## Your assignment
Repeat the listing that follows, character for character, minus the pictures.

## Information supplied
• • • • • • •
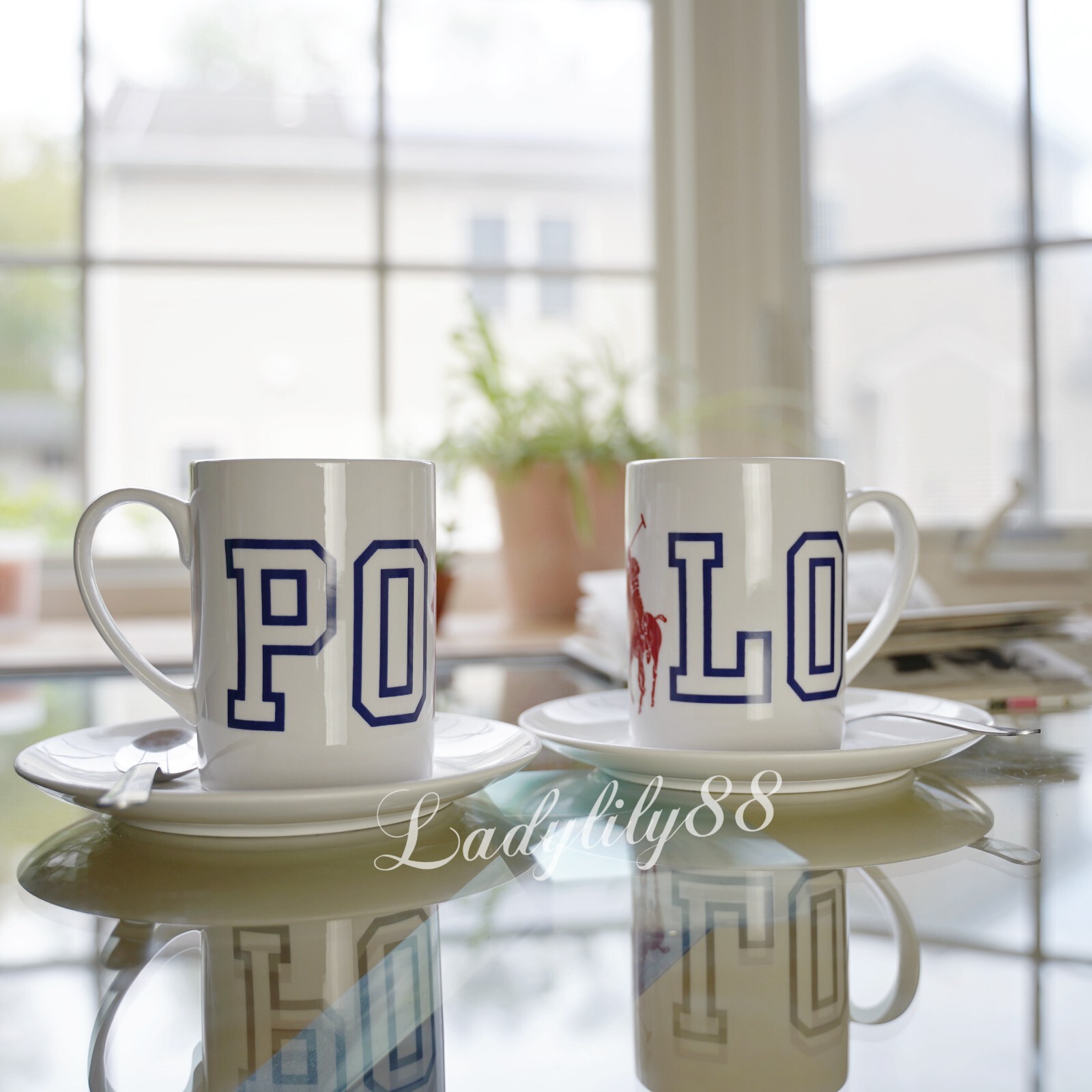 POLO NUOVA CON ETICHETTE RALPH LOUREN LOGO POLO BIG PONY ORSO PALLA 14 OZ tazza da tè caffè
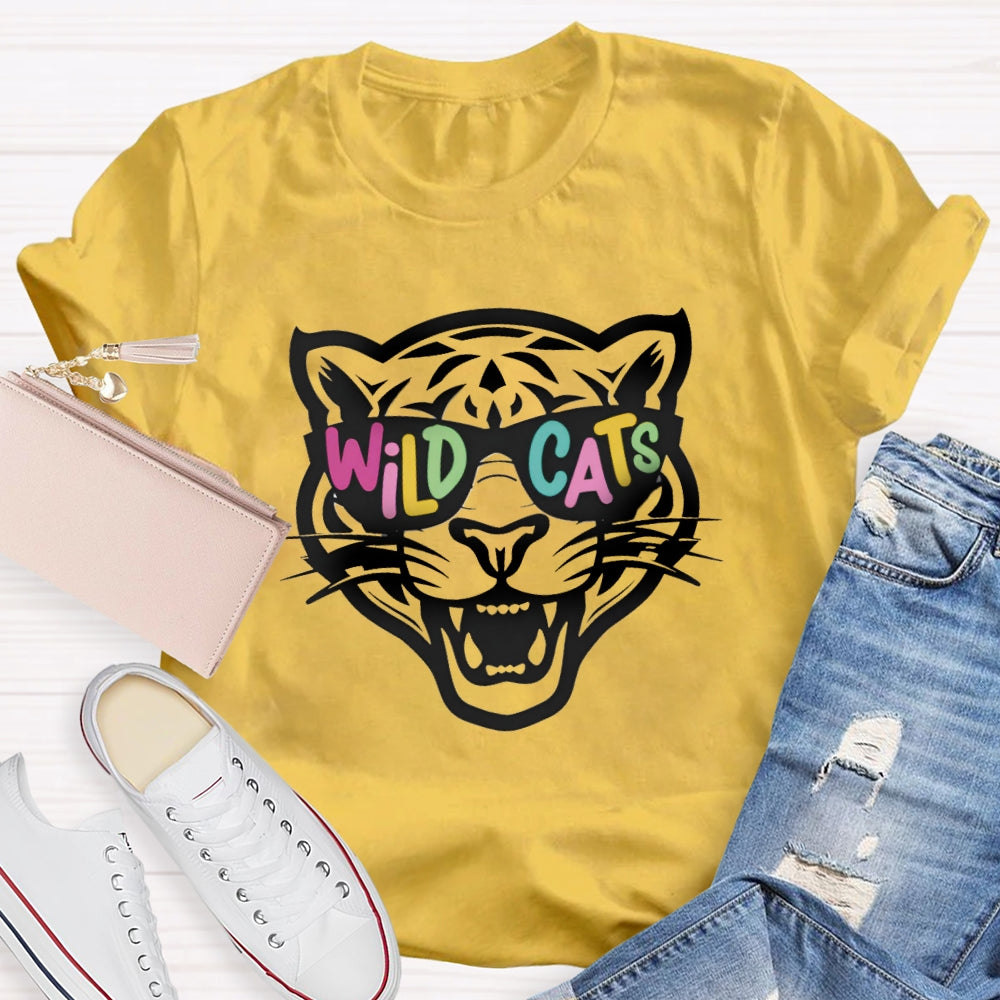 Personalized Mascot Colorful Letter Sunglasses Wildcats Mascot School Spirit T-Shirt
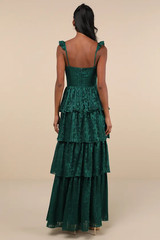 NWT – Lulu&rsquo;s Hunter Green Floral Jacquard Tiered Maxi Dress Size S (2-4)
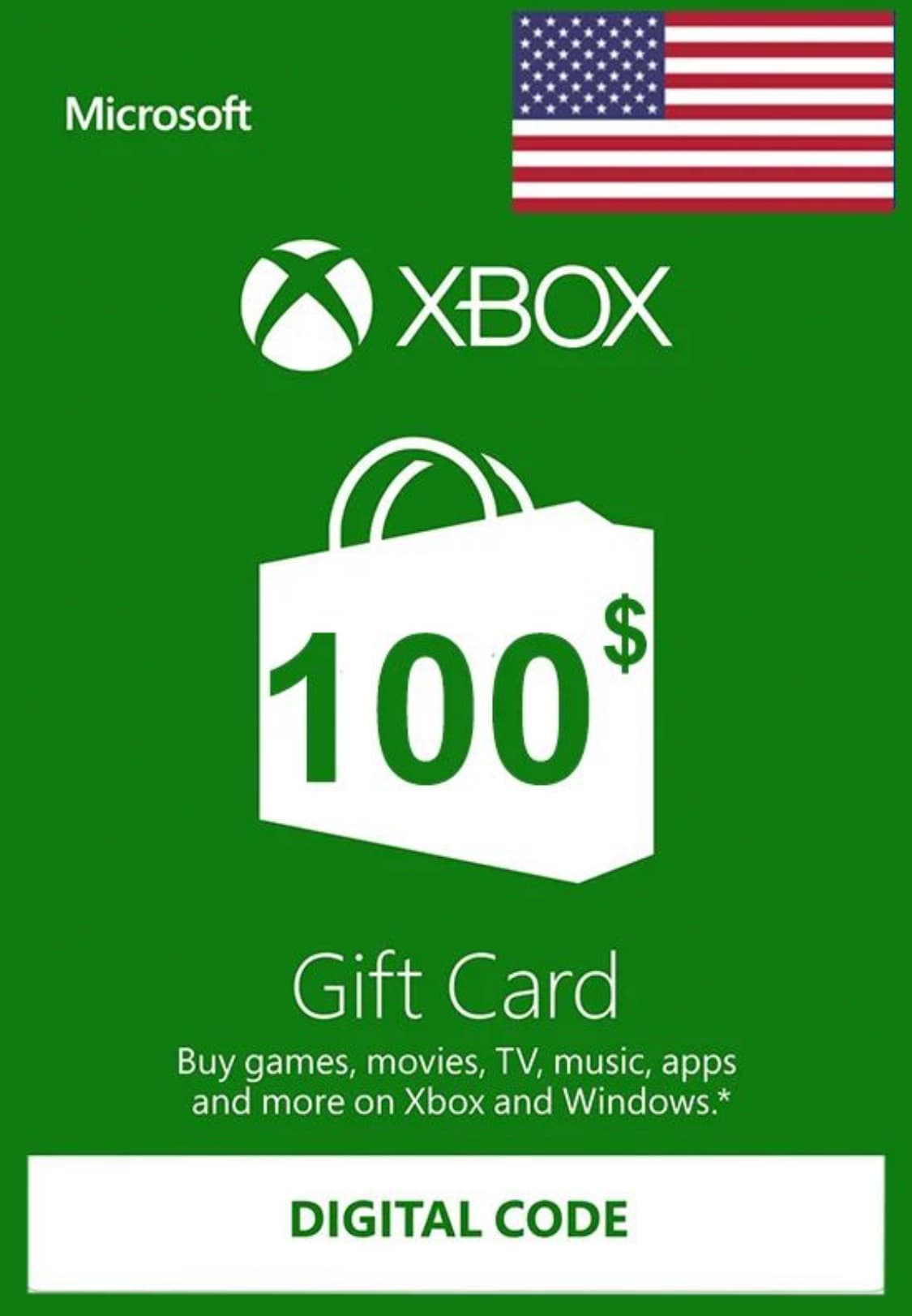 XBOX Live Gift Card 100 USD/US Dollars/$ for USA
• • • • • • •
## Task response
 POLO NUOVA CON ETICHETTE RALPH LOUREN LOGO POLO BIG PONY ORSO PALLA 14 OZ tazza da tè caffè
 Personalized Mascot Colorful Letter Sunglasses Wildcats Mascot School Spirit T-Shirt
 NWT – Lulu&rsquo;s Hunter Green Floral Jacquard Tiered Maxi Dress Size S (2-4)
 XBOX Live Gift Card 100 USD/US Dollars/$ for USA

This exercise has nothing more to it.